The performances work much better, especially Lauren Ashley Carter as Ada, the young pregnant girl who doesn’t want to sacrifice herself and her unborn child to a pit in the woods. Her desperation is palpable and her arc of the film is one that’s so brutally hopeless as to make the film feel much stronger than it is. Kinkle just doesn’t seem interested enough in keeping the film devastatingly psychological as he is in throwing down some gore and terribly CG enhanced ghosties. I usually enjoy a slow build to some shattering grue, but the backwood culture dynamic crossed with the ancient hungry pit is such an awesome idea that when the blood starts flying it feels like an anticlimactic letdown.
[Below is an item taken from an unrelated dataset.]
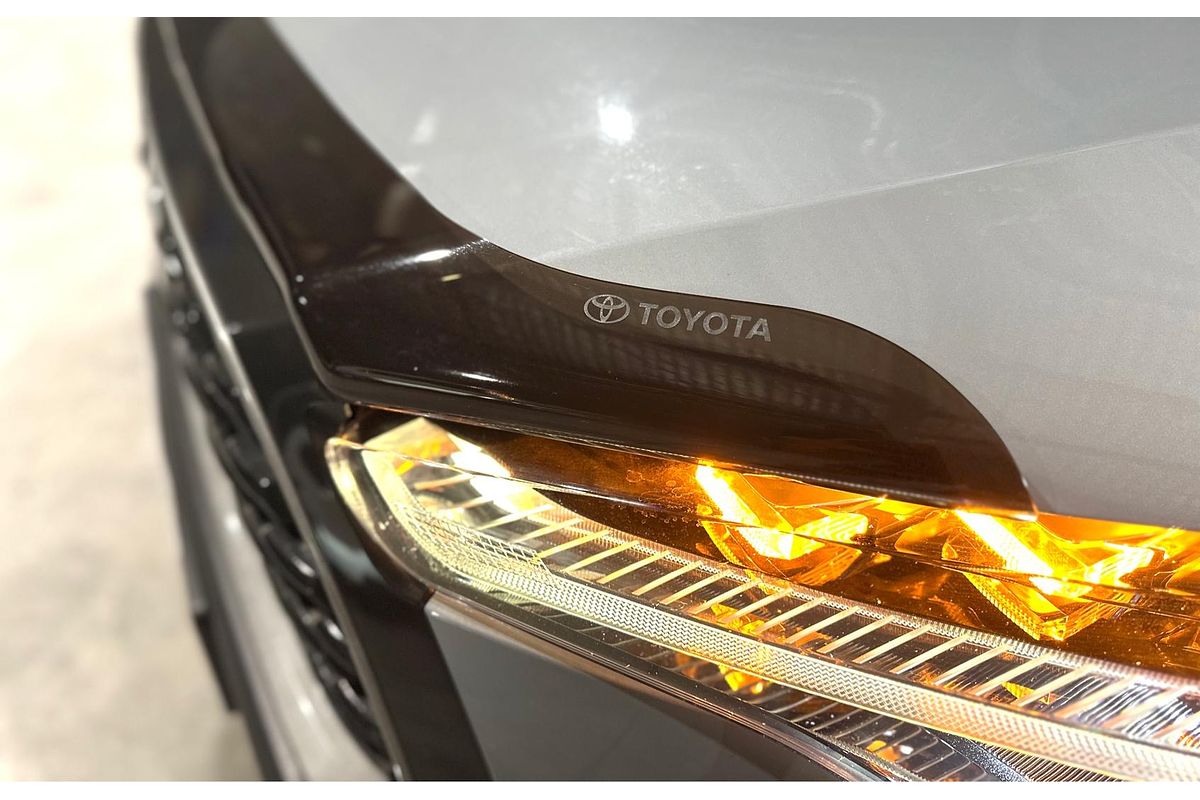 2022 Toyota Corolla Cross Atmos MXGH10R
Sean Bridgers is always brilliant in everything he does and his arc on Deadwood is one of the finest produced by the show. He doesn’t disappoint here as the simpleton who sculpts and fires the jugs. The pit always picks one person to send the visions to and he unwillingly obliges. The visions take a take a toll on him and the responsibility of basically telling the community who is next to die is starting to put him into a tailspin. Bridgers could have easily overplayed the character, but instead gives Dawai a fascinating inner life that hints of a better movie.
Jug Face has all the elements of a horror classic, but it doesn’t use its gorgeous rural setting or it’s stunning cinematography to create an ominous enough tone to sustain ideas this scary. It’s a misfire, but a misfire worth examining.
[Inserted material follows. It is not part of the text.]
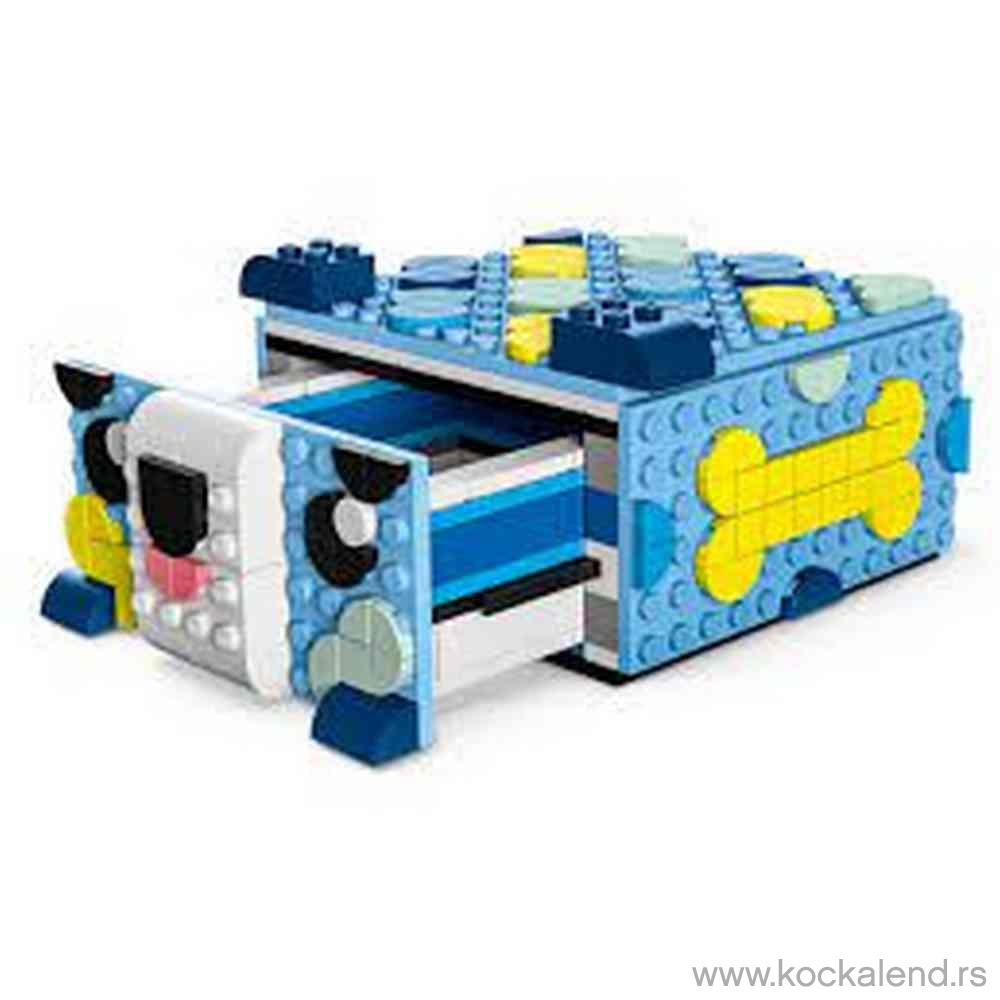 LEGO DOTS CREATIVE ANIMAL DRAWER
How’s the Music? The music is gorgeous. Honestly the score is probably the finest aspect of the film. Sean Spillane’s score sounds like the perfect mashup of Johnny Greenwood’s There Will Be Blood with Damon Albarn’s Ravenous.
What does Netflix say I’d like if I like this? Citadel (been meaning to watch this for a year), Absence (pregnant lady has her baby disappear from her belly), The Maze (evil cornfield), Ghost Watcher 2 (terrible cover) and Haunt (excellent first 10 minutes).
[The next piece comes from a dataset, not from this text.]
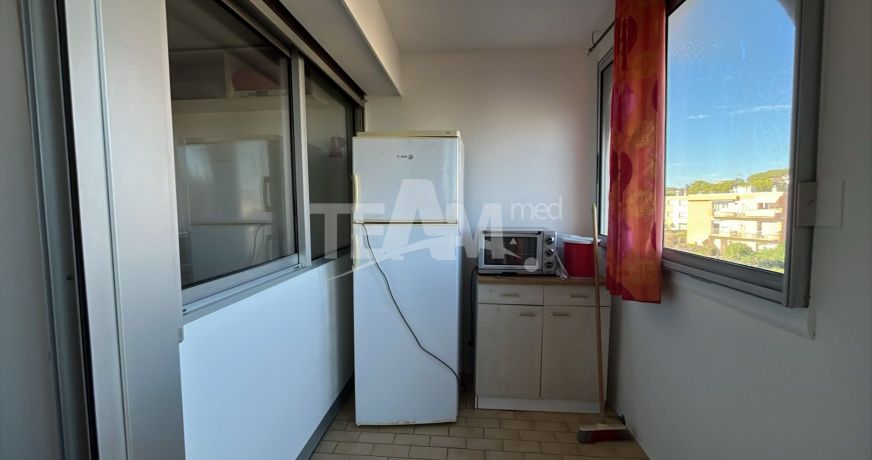 location Studio cabine Sete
Do you have an interesting fun-fact? The film only grossed $21,000. That’s not very fun.
What is Netflix’s best guess for Jared? 2.8
What is Jared’s best guess for Jared? 2.5
Any last thoughts? It seems like everyone else enjoyed this movie more than I did. So let me know what you thought about it in the comments.
Did you watch anything else this week? Just a shitload of Bojack Horseman because that’s my life.